On Oct. 7, Haniyeh immediately celebrated the bloody assault. “Get out of our land, get out of our faces,” he told Jews in Israel via an interview on Al Jazeera. “This land is ours, Jerusalem is ours, everything is ours.”

Washington defends its own interests

Washington is sending a second aircraft carrier group to the region along with a guided-missile submarine ostensibly as a warning to Tehran to not launch a major attack on Israel. But Washington’s goal is not fighting Jew-hatred or defending Israel’s right to exist as a refuge for Jews. It keeps pressing Israel to accept a long-term cease-fire — one which would leave Hamas intact — seeking to regain stability for U.S. imperialism’s economic and political interests in the region, including restarting shipping and access to oil resources.

The White House, along with the rulers in London and Berlin, demand Israel step down.

David Ignatius, a Washington Post columnist with ties to the State Department, claims that Tehran is driven by “determination to preserve its national dignity.” But that’s false. The capitalist regime in Iran is driven to extend its reactionary influence throughout the region with the destruction of Israel at the center. This course is greeted with derision by working people in Iran who suffer the consequences.

The Houthis in Yemen, whose attacks on ships have forced a 90% fall in shipping in the Red Sea, Hezbollah and now Tehran say they could halt attacks if Israel agrees to a permanent cease-fire. They want to save Hamas from total destruction, keep Israel from destroying Iran’s nuclear facilities before they build a nuclear bomb and buy time so that they can build up their forces for future, more deadly attacks on Israel and Jews.

Despite threatening massive retaliation against Israel, Tehran and Hezbollah have hesitated so far.

Arab citizens of Israel

Tehran, Hamas and Hezbollah are violently opposed to Jews and Arabs living together in peace. But that is not the view of the vast majority of the peoples of Israel, where 21% of the population is Arab and 73% is Jewish.
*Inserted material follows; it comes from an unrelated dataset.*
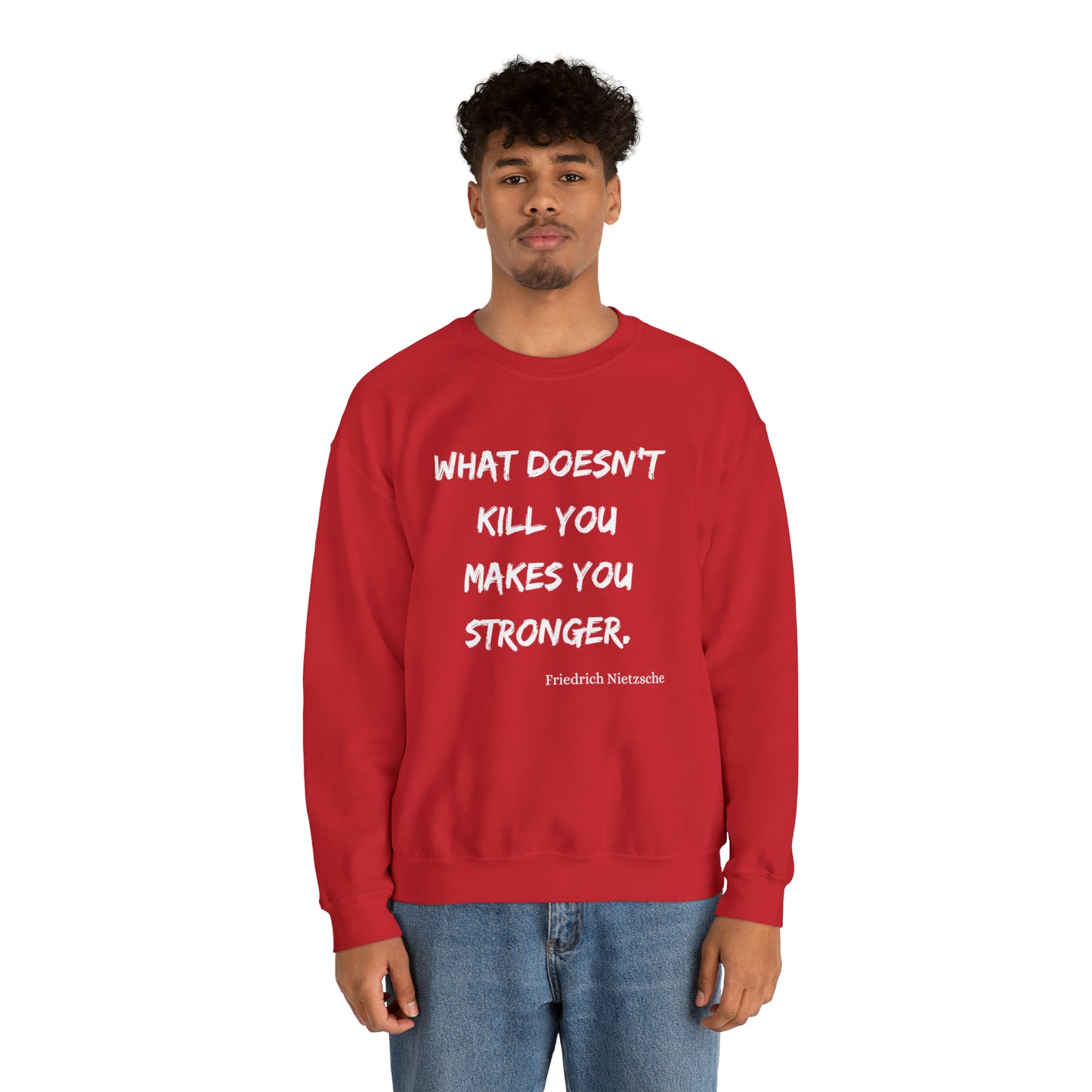 What Doesn't Kill You - Crewneck Sweatshirt US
“Hezbollah doesn’t distinguish between Jews and Muslims,” Ibrahim Zina, a Muslim citizen near the town of Mazra’a in Northern Israel, told the Times of Israel. “We live and work together. When the sirens went off, we were all in the bomb shelter together.”

Arab citizens of Israel speak out against the racism and discrimination they face.
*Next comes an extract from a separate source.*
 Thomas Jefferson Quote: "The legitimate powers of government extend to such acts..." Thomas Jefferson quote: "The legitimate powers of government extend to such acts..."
A car with four Bedouin women and a child that accidentally drove into an unsanctioned Israeli outpost in the Palestinian West Bank Aug. 9 was attacked by settlers, who held guns to their heads and set their car on fire.

“I always say, ‘Good that I’m an Israeli citizen, I love it,’” Lamis al-Jaer, one of the victims, told Israel’s Channel 12 news. “A normal person can’t understand why they would do that to us. We didn’t do anything to them. Someone who asks for directions — they deserve this?”
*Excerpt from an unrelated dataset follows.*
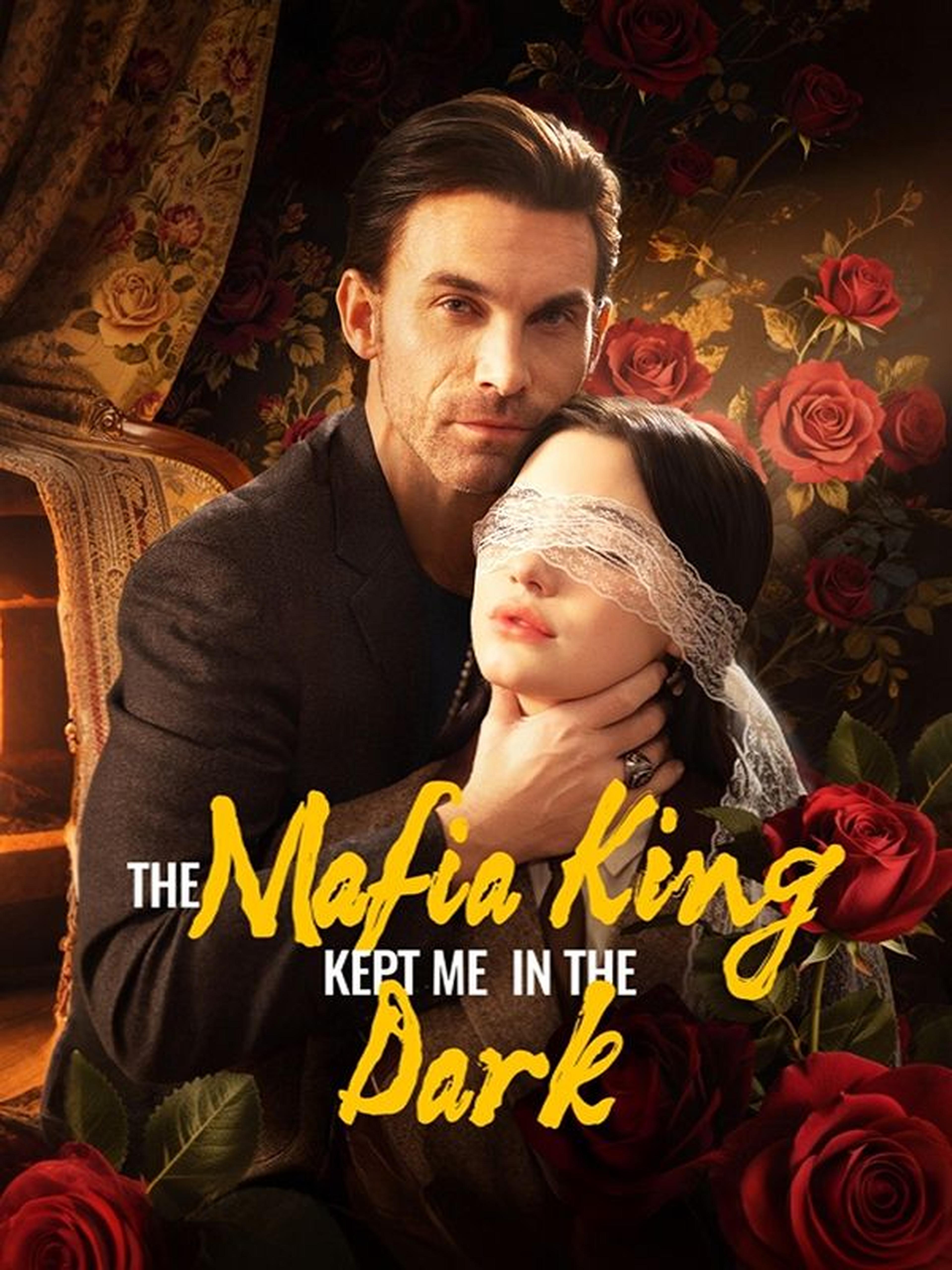 The Mafia King Kept Me in the Dark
The incident was debated at a meeting in the Knesset, Israel’s parliament. After a far-right legislator justified the attack MK Zvi Sukkot of the Religious Zionist party responded. “I don’t like to use the word ‘terrorism’ in these cases,” he said, but what the settlers did, “it’s a serious crime.”

Two settlers have been arrested so far as the investigation continues.